Chapter 6 Preregistering qualitative research

This chapter will cover items that are commonly included in (pre)registration forms for qualitative research. (Pre)registration is the process of freezing your project and relevant documentation about the project before, during, and/or after the project.

Open Science frameworks, such as the Open Science Framework (https://osf.io), generally freeze all files in your project repository if you register your project. This preserves that state of your project, along with what you entered in the (pre)registration form, for future reference. In a way, you’re facilitating playing archeologist with your project.

6.1 Types of registration

6.1.1 Preregistration

The most common type of registrations is preregistration, where you freeze your plans and expectations beforehand. This has a number of benefits. One is that it’s very helpful to avoid fooling yourself later on. For example, the process of collecting and interacting with the data shapes and changes how you see (part of) the world. Because human memory is pretty fallible and a far cry from a video or a computer’s hard disk (which usually allow perfect recollection of stored data), these changes in how you see the world bias your memories.

It is easy to erroneously be convinced that you already expected some findings - or conversely (and perhaps worse), that patterns you observed in the data represent new findings, rather than a reflection of your prior expectations. In qualitative research (and, by the way in quantitative research), the choices you make during (the design of) your data collection and (the design of) your analyses are influenced in part by your expectations, being up-front about them before your data collection starts is very helpful to get a grip on that influence.

6.1.2 Repeated registration

Because expectations and insights change, and often, during a project, it is necessary or beneficial to change your approach, it can be helpful to repeatedly register your project. A straightforward example is to freeze a registration when you submit your request for ethical approval; and then freeze it again when your made changes in response to comments or questions from the ethical committee; and then freeze it again just before you start data collection.

Another example is freezing a registration halfway during your data collection so that you can document changes in data collection procedures (e.g. you might add questions to the interview scheme). Another example is freezing a registration when you submit a manuscript to a journal; and another when you resubmit after having revised the manuscript, potentially having done additional or different analyses.

This process allows you to keep track of your changing expectations, representations, and analytical choices, as well as facilitating insight into such changes over multiple projects.

6.2 Common registration form items

6.2.1 Prior expectations and/or initial code structure

Qualitative data is usually coded by humans because as yet, computers are unable to effectively process language and extract meaning. Language is messy and often ambiguous, and context is often vital for correct interpretation, where the amount of context taken into account can change the meaning of an expression. Humans are quite good at this, partly because our psychological machinery is very good at pattern recognition and categorization. This skill also comes at a price, though: humans categorize too enthusiastically, often seeing patterns where none exist. Using human coders is therefore both inevitable and risky.

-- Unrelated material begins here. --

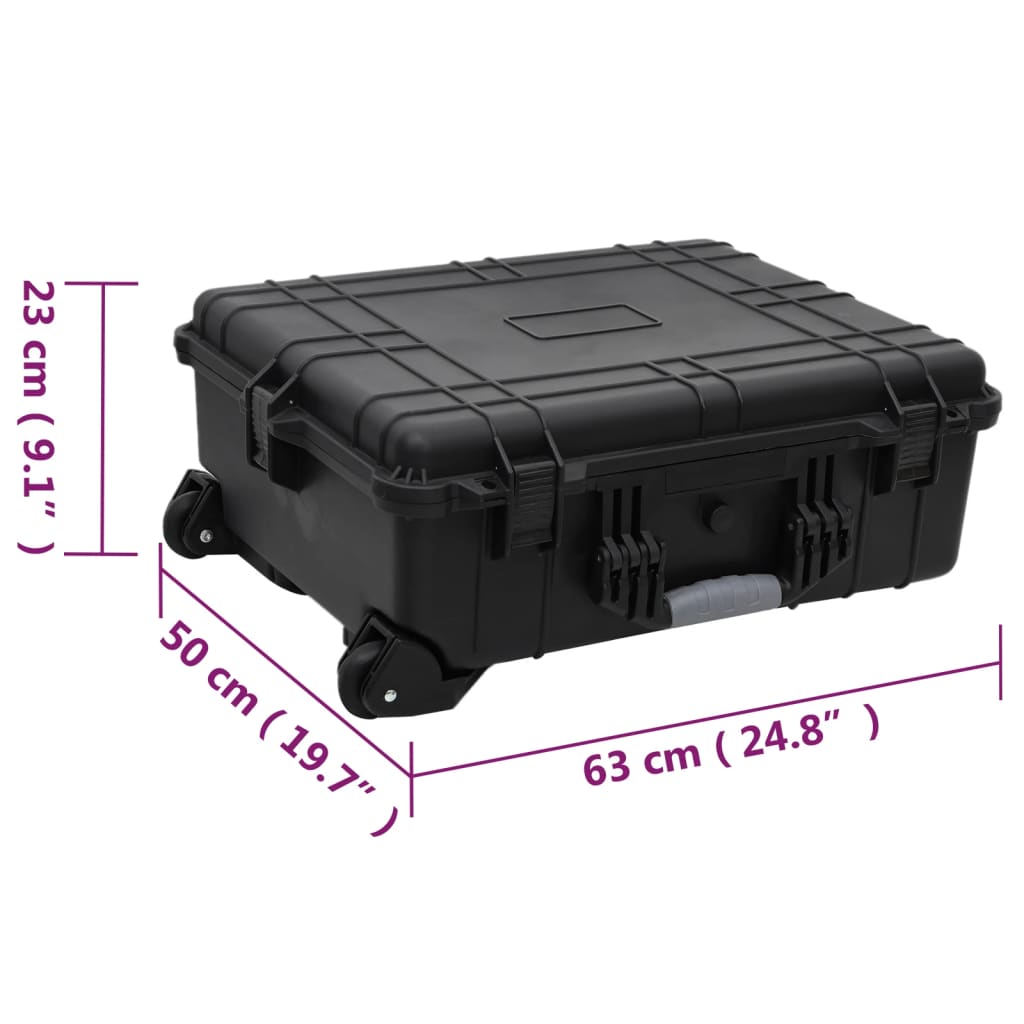 Flugkoffer Mit Rollen Schwarz 63X50X23 Cm Pp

Before coders start coding data, they often have expectations and mental representations of the bits of the world that are captured in the data. For example, coders will often be aware of the research questions in the project. Those research questions did not come about in a vacuum, but have scientific, cultural, societal, political and subjective provenance and context. Similarly, the coders are human, and as such, have representations of the world that often manifest as predispositions to categorize parts of the world in a certain manner. For researchers, those predispositions will often be shaped by the theories that they are familiar with, even if those theories are not focal in the study they code data for. These predispositions will shape how the coders will code the data: they are the lens through which coders will code the data.

Not all humans excel in metacognitive skills such as introspection, and therefore these predispositons can be hard to identify and accurately describe in a (pre)registration. One approach to facilitate this process is to use an initial coding structure with clear coding instructions accompanying each code. The advantage of this approach is that it provides a vehicle for explicitly discussing the framework that will be used for coding, simultaneously aligning coder’s lenses and making the resulting ‘shared lens’ explicit.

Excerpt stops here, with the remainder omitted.